Área em Linhares foi desapropriada pelo governo estadual e cedida à estatal para construção de um complexo de fertilizantes que não saiu do papel

José Maria Tomazela, O Estado de S.Paulo

16 de maio de 2017 | 14h52

SOROCABA – A Petrobrás entrou com ação de reintegração de posse, nesta terça-feira, 16, contra um grupo de famílias do Movimento dos Sem-Terra (MST) que ocupa, desde a segunda-feira uma área destinada à construção do Complexo Gas-Químico de Palhal, no distrito de Bebedouro, zona rural de Linhares, no Espírito Santo. Cerca de 40 militantes montaram acampamento na propriedade de 415 mil hectares.

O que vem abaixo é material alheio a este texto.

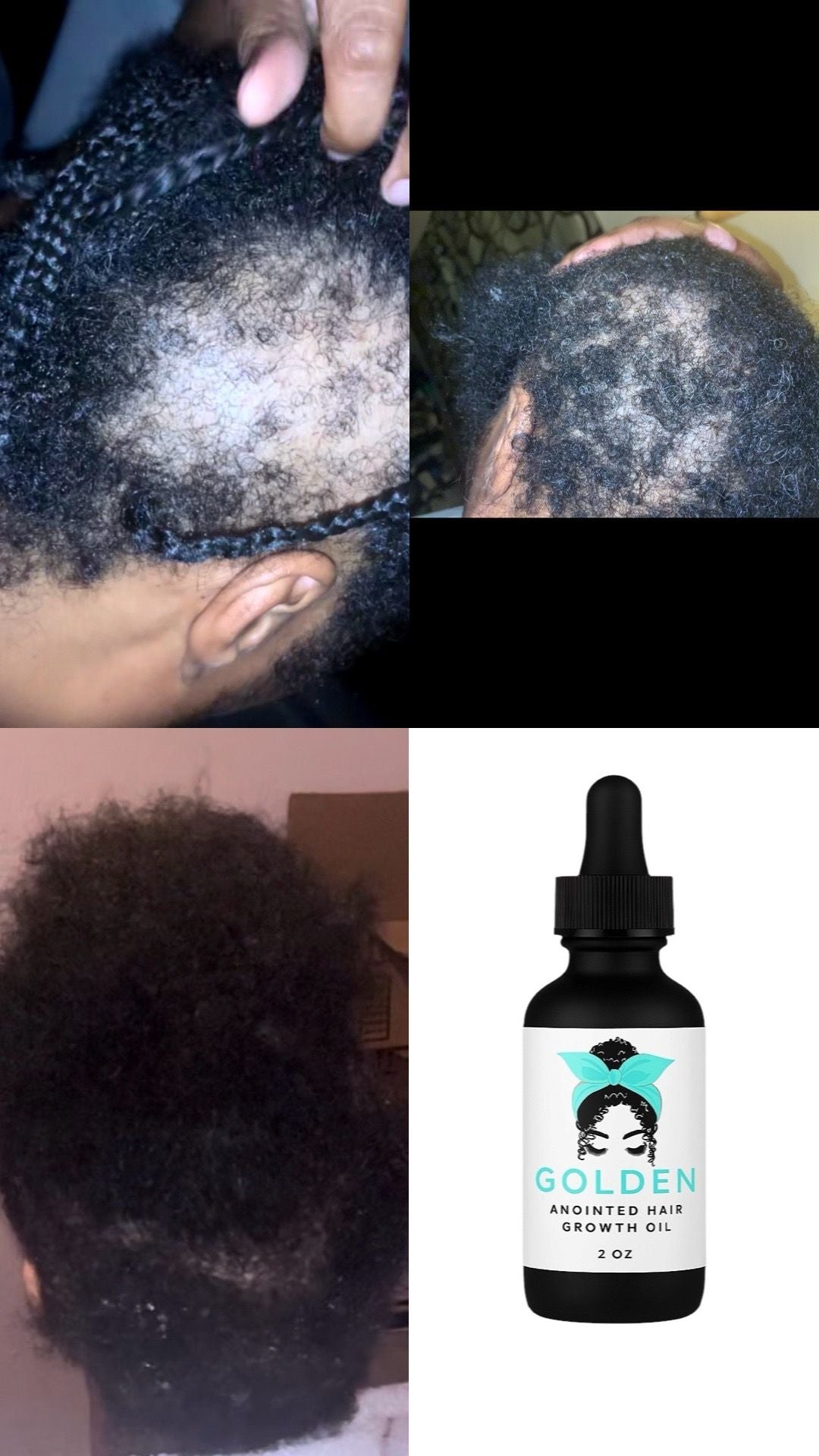 Golden Healthy Hair Care System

A Petrobrás informou que aguarda um posicionamento da Justiça estadual para adotar as providências cabíveis. A área foi desapropriada pelo governo do Estado e cedida à estatal para a construção de um complexo que produziria fertilizantes nitrogenados, metanol e outros produtos atualmente importados. O projeto não saiu do papel.

Em nota, o MST informou que a área está abandonada há cinco anos e o movimento quer sua destinação à reforma agrária. Essa é a terceira vez que a mesma propriedade é invadida por militantes do movimento nos últimos anos. Nas ocupações anteriores, a Justiça deu liminar de reintegração de posse à Petrobrás.